TASK ITEM:
The records below need retyping in full; give them again exactly.

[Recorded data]
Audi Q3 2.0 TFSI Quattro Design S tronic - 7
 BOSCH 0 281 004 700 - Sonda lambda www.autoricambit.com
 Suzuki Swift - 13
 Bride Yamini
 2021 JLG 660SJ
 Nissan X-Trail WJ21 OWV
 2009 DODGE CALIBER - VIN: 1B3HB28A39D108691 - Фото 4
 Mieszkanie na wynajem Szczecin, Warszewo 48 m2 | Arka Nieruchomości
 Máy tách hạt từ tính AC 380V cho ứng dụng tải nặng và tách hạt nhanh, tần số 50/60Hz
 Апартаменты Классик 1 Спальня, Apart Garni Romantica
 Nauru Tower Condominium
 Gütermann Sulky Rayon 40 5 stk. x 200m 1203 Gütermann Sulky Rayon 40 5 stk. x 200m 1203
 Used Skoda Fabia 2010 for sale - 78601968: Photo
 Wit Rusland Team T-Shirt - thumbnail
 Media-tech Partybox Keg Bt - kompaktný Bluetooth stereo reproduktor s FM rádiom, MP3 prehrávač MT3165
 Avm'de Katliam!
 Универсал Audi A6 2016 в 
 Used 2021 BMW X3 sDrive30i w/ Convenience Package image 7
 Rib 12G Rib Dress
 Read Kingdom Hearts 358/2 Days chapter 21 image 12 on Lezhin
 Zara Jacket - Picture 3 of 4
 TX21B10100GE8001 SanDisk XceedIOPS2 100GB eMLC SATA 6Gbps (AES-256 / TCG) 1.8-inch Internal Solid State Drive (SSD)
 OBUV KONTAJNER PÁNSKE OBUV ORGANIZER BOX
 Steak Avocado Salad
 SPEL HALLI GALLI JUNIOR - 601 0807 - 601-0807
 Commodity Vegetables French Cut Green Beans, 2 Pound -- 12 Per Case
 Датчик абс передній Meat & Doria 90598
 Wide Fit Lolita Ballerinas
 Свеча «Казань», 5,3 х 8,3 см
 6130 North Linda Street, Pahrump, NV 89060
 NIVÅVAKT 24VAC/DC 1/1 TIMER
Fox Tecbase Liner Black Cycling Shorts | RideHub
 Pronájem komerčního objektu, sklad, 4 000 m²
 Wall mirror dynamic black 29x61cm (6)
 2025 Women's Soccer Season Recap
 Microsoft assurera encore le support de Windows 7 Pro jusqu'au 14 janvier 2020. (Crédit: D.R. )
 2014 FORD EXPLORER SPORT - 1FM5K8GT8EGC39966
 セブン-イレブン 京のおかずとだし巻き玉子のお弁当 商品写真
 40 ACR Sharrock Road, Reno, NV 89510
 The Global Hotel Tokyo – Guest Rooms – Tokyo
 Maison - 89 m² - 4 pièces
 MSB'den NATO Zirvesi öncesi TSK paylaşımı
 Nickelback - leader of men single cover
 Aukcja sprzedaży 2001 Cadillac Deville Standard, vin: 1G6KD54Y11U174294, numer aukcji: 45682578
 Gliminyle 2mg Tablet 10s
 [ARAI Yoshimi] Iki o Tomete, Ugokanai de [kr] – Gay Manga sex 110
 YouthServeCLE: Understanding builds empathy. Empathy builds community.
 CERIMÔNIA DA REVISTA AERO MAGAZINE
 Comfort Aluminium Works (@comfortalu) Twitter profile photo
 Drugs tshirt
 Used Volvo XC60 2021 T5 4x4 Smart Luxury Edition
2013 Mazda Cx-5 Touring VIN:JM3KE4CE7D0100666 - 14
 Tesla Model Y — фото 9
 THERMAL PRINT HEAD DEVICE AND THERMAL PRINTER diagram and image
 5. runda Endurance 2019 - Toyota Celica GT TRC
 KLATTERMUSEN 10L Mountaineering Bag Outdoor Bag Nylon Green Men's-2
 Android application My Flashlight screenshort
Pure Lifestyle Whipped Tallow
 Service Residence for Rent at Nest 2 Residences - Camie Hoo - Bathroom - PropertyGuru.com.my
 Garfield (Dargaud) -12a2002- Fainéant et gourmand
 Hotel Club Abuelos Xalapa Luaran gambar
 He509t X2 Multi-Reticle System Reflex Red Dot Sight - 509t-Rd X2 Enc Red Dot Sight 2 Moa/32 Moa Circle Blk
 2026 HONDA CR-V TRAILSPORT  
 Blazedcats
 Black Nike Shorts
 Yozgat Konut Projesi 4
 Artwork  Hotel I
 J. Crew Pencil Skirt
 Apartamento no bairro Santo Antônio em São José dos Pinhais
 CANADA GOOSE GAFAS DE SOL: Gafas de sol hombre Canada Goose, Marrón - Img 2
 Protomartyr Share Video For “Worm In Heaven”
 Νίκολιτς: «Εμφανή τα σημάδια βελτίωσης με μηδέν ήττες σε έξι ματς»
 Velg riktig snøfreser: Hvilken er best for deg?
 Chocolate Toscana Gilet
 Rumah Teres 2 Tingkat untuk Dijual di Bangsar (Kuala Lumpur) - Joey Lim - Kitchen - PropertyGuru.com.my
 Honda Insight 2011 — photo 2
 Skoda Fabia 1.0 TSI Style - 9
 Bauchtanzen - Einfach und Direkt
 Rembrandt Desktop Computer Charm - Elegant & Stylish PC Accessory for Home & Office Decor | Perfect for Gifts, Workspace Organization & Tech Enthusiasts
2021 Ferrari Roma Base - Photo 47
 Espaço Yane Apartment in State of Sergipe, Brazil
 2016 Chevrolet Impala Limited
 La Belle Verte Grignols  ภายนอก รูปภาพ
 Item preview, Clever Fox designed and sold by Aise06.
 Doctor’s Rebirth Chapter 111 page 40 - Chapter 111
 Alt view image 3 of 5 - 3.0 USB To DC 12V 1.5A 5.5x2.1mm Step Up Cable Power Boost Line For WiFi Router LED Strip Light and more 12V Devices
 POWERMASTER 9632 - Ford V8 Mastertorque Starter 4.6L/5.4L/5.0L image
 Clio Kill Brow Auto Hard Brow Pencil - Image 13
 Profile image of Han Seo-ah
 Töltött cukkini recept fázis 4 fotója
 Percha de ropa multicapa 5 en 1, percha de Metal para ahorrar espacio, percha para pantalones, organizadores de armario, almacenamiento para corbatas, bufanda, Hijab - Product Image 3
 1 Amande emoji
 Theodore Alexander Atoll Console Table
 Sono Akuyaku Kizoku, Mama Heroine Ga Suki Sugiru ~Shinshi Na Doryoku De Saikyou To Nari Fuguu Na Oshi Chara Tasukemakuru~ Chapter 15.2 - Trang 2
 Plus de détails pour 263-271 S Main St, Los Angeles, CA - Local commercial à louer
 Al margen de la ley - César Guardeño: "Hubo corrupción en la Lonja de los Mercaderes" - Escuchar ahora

YOUR SOLUTION:
Audi Q3 2.0 TFSI Quattro Design S tronic - 7
 BOSCH 0 281 004 700 - Sonda lambda www.autoricambit.com
 Suzuki Swift - 13
 Bride Yamini
 2021 JLG 660SJ
 Nissan X-Trail WJ21 OWV
 2009 DODGE CALIBER - VIN: 1B3HB28A39D108691 - Фото 4
 Mieszkanie na wynajem Szczecin, Warszewo 48 m2 | Arka Nieruchomości
 Máy tách hạt từ tính AC 380V cho ứng dụng tải nặng và tách hạt nhanh, tần số 50/60Hz
 Апартаменты Классик 1 Спальня, Apart Garni Romantica
 Nauru Tower Condominium
 Gütermann Sulky Rayon 40 5 stk. x 200m 1203 Gütermann Sulky Rayon 40 5 stk. x 200m 1203
 Used Skoda Fabia 2010 for sale - 78601968: Photo
 Wit Rusland Team T-Shirt - thumbnail
 Media-tech Partybox Keg Bt - kompaktný Bluetooth stereo reproduktor s FM rádiom, MP3 prehrávač MT3165
 Avm'de Katliam!
 Универсал Audi A6 2016 в 
 Used 2021 BMW X3 sDrive30i w/ Convenience Package image 7
 Rib 12G Rib Dress
 Read Kingdom Hearts 358/2 Days chapter 21 image 12 on Lezhin
 Zara Jacket - Picture 3 of 4
 TX21B10100GE8001 SanDisk XceedIOPS2 100GB eMLC SATA 6Gbps (AES-256 / TCG) 1.8-inch Internal Solid State Drive (SSD)
 OBUV KONTAJNER PÁNSKE OBUV ORGANIZER BOX
 Steak Avocado Salad
 SPEL HALLI GALLI JUNIOR - 601 0807 - 601-0807
 Commodity Vegetables French Cut Green Beans, 2 Pound -- 12 Per Case
 Датчик абс передній Meat & Doria 90598
 Wide Fit Lolita Ballerinas
 Свеча «Казань», 5,3 х 8,3 см
 6130 North Linda Street, Pahrump, NV 89060
 NIVÅVAKT 24VAC/DC 1/1 TIMER
Fox Tecbase Liner Black Cycling Shorts | RideHub
 Pronájem komerčního objektu, sklad, 4 000 m²
 Wall mirror dynamic black 29x61cm (6)
 2025 Women's Soccer Season Recap
 Microsoft assurera encore le support de Windows 7 Pro jusqu'au 14 janvier 2020. (Crédit: D.R. )
 2014 FORD EXPLORER SPORT - 1FM5K8GT8EGC39966
 セブン-イレブン 京のおかずとだし巻き玉子のお弁当 商品写真
 40 ACR Sharrock Road, Reno, NV 89510
 The Global Hotel Tokyo – Guest Rooms – Tokyo
 Maison - 89 m² - 4 pièces
 MSB'den NATO Zirvesi öncesi TSK paylaşımı
 Nickelback - leader of men single cover
 Aukcja sprzedaży 2001 Cadillac Deville Standard, vin: 1G6KD54Y11U174294, numer aukcji: 45682578
 Gliminyle 2mg Tablet 10s
 [ARAI Yoshimi] Iki o Tomete, Ugokanai de [kr] – Gay Manga sex 110
 YouthServeCLE: Understanding builds empathy. Empathy builds community.
 CERIMÔNIA DA REVISTA AERO MAGAZINE
 Comfort Aluminium Works (@comfortalu) Twitter profile photo
 Drugs tshirt
 Used Volvo XC60 2021 T5 4x4 Smart Luxury Edition
2013 Mazda Cx-5 Touring VIN:JM3KE4CE7D0100666 - 14
 Tesla Model Y — фото 9
 THERMAL PRINT HEAD DEVICE AND THERMAL PRINTER diagram and image
 5. runda Endurance 2019 - Toyota Celica GT TRC
 KLATTERMUSEN 10L Mountaineering Bag Outdoor Bag Nylon Green Men's-2
 Android application My Flashlight screenshort
Pure Lifestyle Whipped Tallow
 Service Residence for Rent at Nest 2 Residences - Camie Hoo - Bathroom - PropertyGuru.com.my
 Garfield (Dargaud) -12a2002- Fainéant et gourmand
 Hotel Club Abuelos Xalapa Luaran gambar
 He509t X2 Multi-Reticle System Reflex Red Dot Sight - 509t-Rd X2 Enc Red Dot Sight 2 Moa/32 Moa Circle Blk
 2026 HONDA CR-V TRAILSPORT  
 Blazedcats
 Black Nike Shorts
 Yozgat Konut Projesi 4
 Artwork  Hotel I
 J. Crew Pencil Skirt
 Apartamento no bairro Santo Antônio em São José dos Pinhais
 CANADA GOOSE GAFAS DE SOL: Gafas de sol hombre Canada Goose, Marrón - Img 2
 Protomartyr Share Video For “Worm In Heaven”
 Νίκολιτς: «Εμφανή τα σημάδια βελτίωσης με μηδέν ήττες σε έξι ματς»
 Velg riktig snøfreser: Hvilken er best for deg?
 Chocolate Toscana Gilet
 Rumah Teres 2 Tingkat untuk Dijual di Bangsar (Kuala Lumpur) - Joey Lim - Kitchen - PropertyGuru.com.my
 Honda Insight 2011 — photo 2
 Skoda Fabia 1.0 TSI Style - 9
 Bauchtanzen - Einfach und Direkt
 Rembrandt Desktop Computer Charm - Elegant & Stylish PC Accessory for Home & Office Decor | Perfect for Gifts, Workspace Organization & Tech Enthusiasts
2021 Ferrari Roma Base - Photo 47
 Espaço Yane Apartment in State of Sergipe, Brazil
 2016 Chevrolet Impala Limited
 La Belle Verte Grignols  ภายนอก รูปภาพ
 Item preview, Clever Fox designed and sold by Aise06.
 Doctor’s Rebirth Chapter 111 page 40 - Chapter 111
 Alt view image 3 of 5 - 3.0 USB To DC 12V 1.5A 5.5x2.1mm Step Up Cable Power Boost Line For WiFi Router LED Strip Light and more 12V Devices
 POWERMASTER 9632 - Ford V8 Mastertorque Starter 4.6L/5.4L/5.0L image
 Clio Kill Brow Auto Hard Brow Pencil - Image 13
 Profile image of Han Seo-ah
 Töltött cukkini recept fázis 4 fotója
 Percha de ropa multicapa 5 en 1, percha de Metal para ahorrar espacio, percha para pantalones, organizadores de armario, almacenamiento para corbatas, bufanda, Hijab - Product Image 3
 1 Amande emoji
 Theodore Alexander Atoll Console Table
 Sono Akuyaku Kizoku, Mama Heroine Ga Suki Sugiru ~Shinshi Na Doryoku De Saikyou To Nari Fuguu Na Oshi Chara Tasukemakuru~ Chapter 15.2 - Trang 2
 Plus de détails pour 263-271 S Main St, Los Angeles, CA - Local commercial à louer
 Al margen de la ley - César Guardeño: "Hubo corrupción en la Lonja de los Mercaderes" - Escuchar ahora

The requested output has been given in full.